One night, when Jeremy finally begins to exploit his new capabilities and wins back Darla's trust, McCarthy and Grimsdyke kidnap Ralph and intend to "free his soul" in a small chapel. Jeremy and Darla arrive in time to save him, but then Jeremy is recognized as a vampire, and only his new-found power of hypnotism and the timely arrival of Modoc and Nora, who has come back from the dead, manage to save the day. Since McCarthy remains unrelenting, Modoc's female consorts turn McCarthy into a vampire, making a friend out of an enemy.

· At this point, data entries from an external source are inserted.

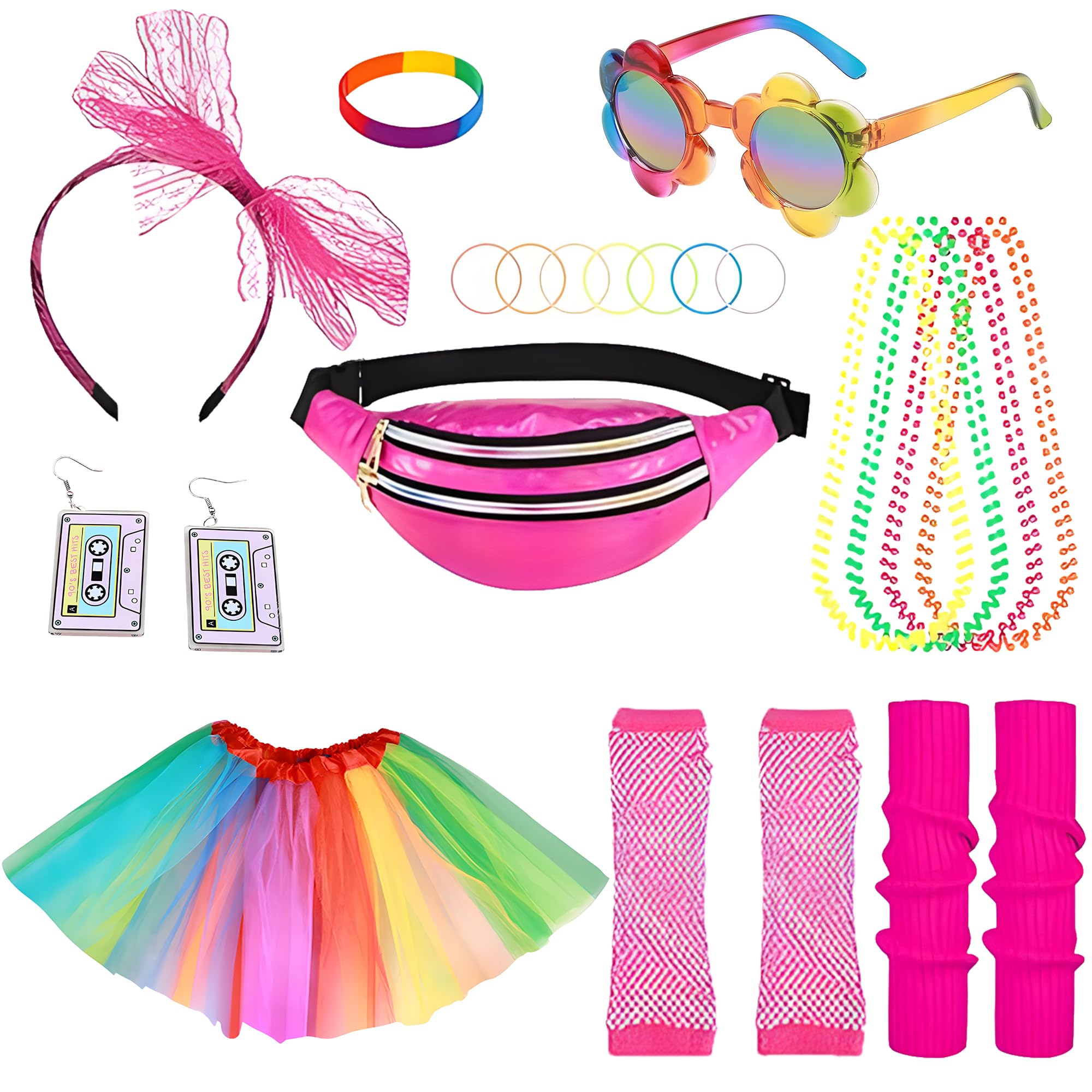 Jyeennar 80s Costume Accessories Set,Rose Red Fancy Dress with Tutu Skirt Leg Warmer Earrings Fishnet Gloves Necklaces Glasses Bracelets Headband for 1980s Theme Party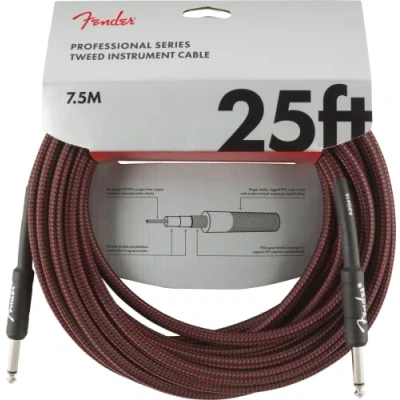 Image of Fender Professional Series Instrument Cable 25 ft STR/STR Red Tweed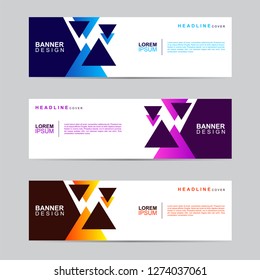 E commerce banner collection with modern style, gradient color, horizontal business banner template with geometric shapes, business background with blue, orange and purple color,vector illustration.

The film ends with the Capellos assuring Jeremy that they love him despite what he makes of himself. Jeremy then introduces Darla to his delightfully surprised parents, while Ralph just shakes his head at the whole hubbub.

==Cast==
- Robert Sean Leonard as Jeremy Capello
- Cheryl Pollak as Darla Blake
- René Auberjonois as Modoc
- Evan Mirand as Ralph
- David Warner as Professor Leopold McCarthy
- Paul Willson as Grimsdyke
- Fannie Flagg as Mrs. Capello
- Kenneth Kimmins as Mr. Capello
- Cecilia Peck as Nora
- Kathy Bates as Helen Blake
- John Chappell as Buddy Blake
- LeeAnne Locken as Candy Andrews
- Michelle La Vigne as Flo
- Harvey Christiansen as George
- Erica Zeitlin as Gloria
- Amelia Kinkade as Brunette in Punk Bar

==Production notes==
The film was shot in Houston, Texas, and LaPorte, Texas, and was initially announced under the title I Was a Teenage Vampire.
 This movie was released under the title I Was a Teenage Vampire in Australia.